Somalia, one of several African nations being hit hard by enormous swarms of locusts, is planning to control them with a fungus in what would be the largest use of biopesticides against these insects.
“Large-scale use to control an invasion of desert locusts would be a first,” says Michel Lecoq, a retired entomologist who worked on locust control at the French Agricultural Research Center for International Development. “If successful, it will be a big step forward.”
The moment is crucial, because the next generation of locusts is now maturing and could devastate crops planted at the end of March. “We have a short window of opportunity to act,” Dominique Burgeon, director of emergencies at the Food and Agriculture Organization of the United Nations (FAO), said at a briefing Monday in New York City.
In recent months, the Horn of Africa has been invaded by desert locusts that have consumed food crops and pasture. For Kenya, it is the worst infestation in 70 years. One swarm there was estimated at 100 billion to 200 billion locusts, marauding through 2400 square kilometers. FAO warned again this week that the insects pose a severe humanitarian risk, as nearly 10 million people in the affected area already face food shortages because of recent floods and droughts. “We simply cannot afford another major shock,” Mark Lowcock, United Nations under-secretary-general for humanitarian affairs and emergency relief coordinator, said at the briefing. “Time is running out.”
Several factors caused the massive outbreak. In May 2018, a cyclone hit the desert “empty quarter” of Oman, Yemen, and Saudi Arabia. After the unusual rainfall, vegetation flourished, and the well-fed locusts increased their population 400-fold over 6 months. Normally, the populations would shrink when plants die after the desert dries out again, and timely control efforts can prevent populations from booming.
In this case, however, a second cyclone hit in October 2018 and the population continued to increase—an estimated 8000-fold by March 2019. The locusts headed to southern Iran, crossing territory that hadn’t seen the insects in 50 years, and moved east into India and Pakistan. Last summer, many flew south with prevailing winds into Yemen, where civil war prevented any spraying of pesticides. The swarms moved to Ethiopia and Somalia in October 2019.
Compounding the problem, yet another cyclone unexpectedly hit the Horn of Africa in December 2019 and more breeding ensued. By the end of that month, growing swarms had entered Kenya. They reached Uganda and Tanzania in the past few days.

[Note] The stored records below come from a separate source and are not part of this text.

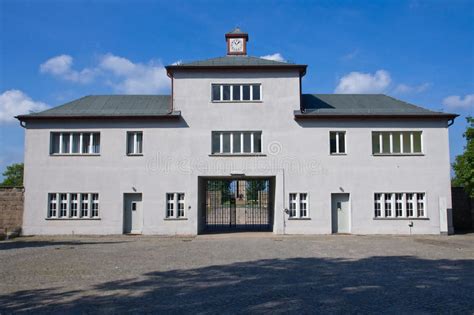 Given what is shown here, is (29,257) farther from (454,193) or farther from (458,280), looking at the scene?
(454,193)

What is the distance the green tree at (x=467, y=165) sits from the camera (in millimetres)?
21828

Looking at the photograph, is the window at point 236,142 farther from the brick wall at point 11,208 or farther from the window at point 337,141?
the brick wall at point 11,208

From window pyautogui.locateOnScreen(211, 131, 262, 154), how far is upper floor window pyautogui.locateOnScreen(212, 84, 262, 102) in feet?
6.15

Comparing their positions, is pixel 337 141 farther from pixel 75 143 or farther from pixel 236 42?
pixel 75 143

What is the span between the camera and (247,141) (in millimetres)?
22734

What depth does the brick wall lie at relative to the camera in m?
22.5

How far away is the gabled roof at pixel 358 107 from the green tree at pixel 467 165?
1.23 m

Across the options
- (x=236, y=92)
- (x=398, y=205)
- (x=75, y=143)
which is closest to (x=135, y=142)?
(x=75, y=143)

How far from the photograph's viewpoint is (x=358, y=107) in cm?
2408

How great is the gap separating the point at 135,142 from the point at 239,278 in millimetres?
14620

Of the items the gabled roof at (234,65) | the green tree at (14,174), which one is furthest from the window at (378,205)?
the green tree at (14,174)

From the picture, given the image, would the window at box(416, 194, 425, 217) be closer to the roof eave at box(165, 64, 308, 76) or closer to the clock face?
the roof eave at box(165, 64, 308, 76)

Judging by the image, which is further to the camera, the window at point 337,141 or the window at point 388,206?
the window at point 337,141

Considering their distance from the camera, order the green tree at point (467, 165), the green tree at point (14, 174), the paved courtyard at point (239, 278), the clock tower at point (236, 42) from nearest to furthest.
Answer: the paved courtyard at point (239, 278)
the green tree at point (467, 165)
the clock tower at point (236, 42)
the green tree at point (14, 174) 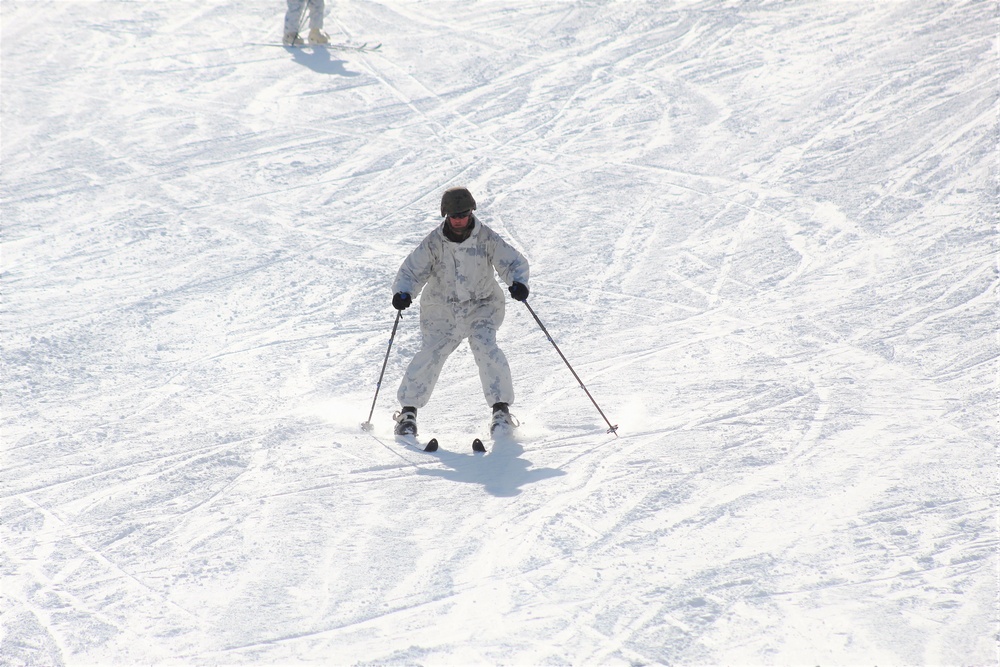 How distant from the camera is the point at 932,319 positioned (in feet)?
23.6

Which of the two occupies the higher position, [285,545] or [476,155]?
[476,155]

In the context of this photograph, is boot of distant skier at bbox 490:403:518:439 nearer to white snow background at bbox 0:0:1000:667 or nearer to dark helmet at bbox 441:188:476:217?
white snow background at bbox 0:0:1000:667

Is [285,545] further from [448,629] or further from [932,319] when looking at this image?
[932,319]

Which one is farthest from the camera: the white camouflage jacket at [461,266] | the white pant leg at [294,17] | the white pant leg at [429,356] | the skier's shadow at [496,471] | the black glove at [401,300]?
the white pant leg at [294,17]

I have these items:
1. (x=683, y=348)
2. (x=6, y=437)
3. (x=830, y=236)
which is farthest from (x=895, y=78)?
(x=6, y=437)

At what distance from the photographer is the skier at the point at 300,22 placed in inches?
530

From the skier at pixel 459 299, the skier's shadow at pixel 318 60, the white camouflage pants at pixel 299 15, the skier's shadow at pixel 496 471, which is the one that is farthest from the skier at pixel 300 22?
the skier's shadow at pixel 496 471

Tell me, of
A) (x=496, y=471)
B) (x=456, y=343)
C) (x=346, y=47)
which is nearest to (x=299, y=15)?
(x=346, y=47)

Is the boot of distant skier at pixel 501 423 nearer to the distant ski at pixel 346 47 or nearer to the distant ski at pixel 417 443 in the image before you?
the distant ski at pixel 417 443

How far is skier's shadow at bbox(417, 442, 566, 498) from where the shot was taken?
5.20m

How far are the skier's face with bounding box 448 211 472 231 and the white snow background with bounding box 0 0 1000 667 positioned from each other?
129 cm

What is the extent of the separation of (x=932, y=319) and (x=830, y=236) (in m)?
1.69

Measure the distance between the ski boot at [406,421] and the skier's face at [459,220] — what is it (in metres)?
1.12

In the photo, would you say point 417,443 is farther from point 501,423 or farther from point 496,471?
point 496,471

Tackling large locust swarms is challenging and requires fast-acting chemical pesticides sprayed from aircraft. Ethiopia and Kenya are now spraying those chemicals. Although the pesticides break down within 1 day, villages must be warned to temporarily move their livestock.
In Somalia, which has large grazing areas, FAO is instead helping the country use biopesticides. They consist of spores of the fungus Metarhizium acridum, which produces a toxin that kills only locusts and related grasshoppers. Since the last major locust outbreak in Africa, in 2003–05, researchers have been able to make the biopesticide cheaper, more effective, longer lasting in the desert, and easier to store. “We’re really lucky now that we have a very effective product,” Keith Cressman, FAO’s locust forecasting officer, told ScienceInsider. Compared with chemicals, however, the biopesticide takes longer to kill the locusts, so it is more useful before the hopper bands of young locusts have begun to fly.
Such biopesticides have previously been used in several countries to stamp out locust outbreaks. In the past 3 years, China has applied biopesticides on more than 48,000 hectares annually, says Long Zhang of China Agricultural University. The main challenges are finding the bands of young locusts and hitting them with enough biopesticide, he says. “If the dose is too low, it will take a long time to kill locusts,” he says. Researchers in China have been selecting strains for greater virulence, but they still require that locusts to be exposed for several days longer than with chemical pesticides.
Last week, Cressman and others from FAO spent several days in Somalia discussing plans with the government. To help locate and spray the locusts, FAO is recruiting technical advisers from West African countries experienced in controlling outbreaks. They will also bring in backpacker sprayers and larger equipment that can be mounted on vehicles and aircraft. FAO has ordered 4 tons of the Metarhizium biopesticide, enough to treat about 80,000 hectares. Funding has mainly come from FAO’s emergency reserves, and more cash is urgently needed. So far, donors have committed about 28% of the $76 million needed.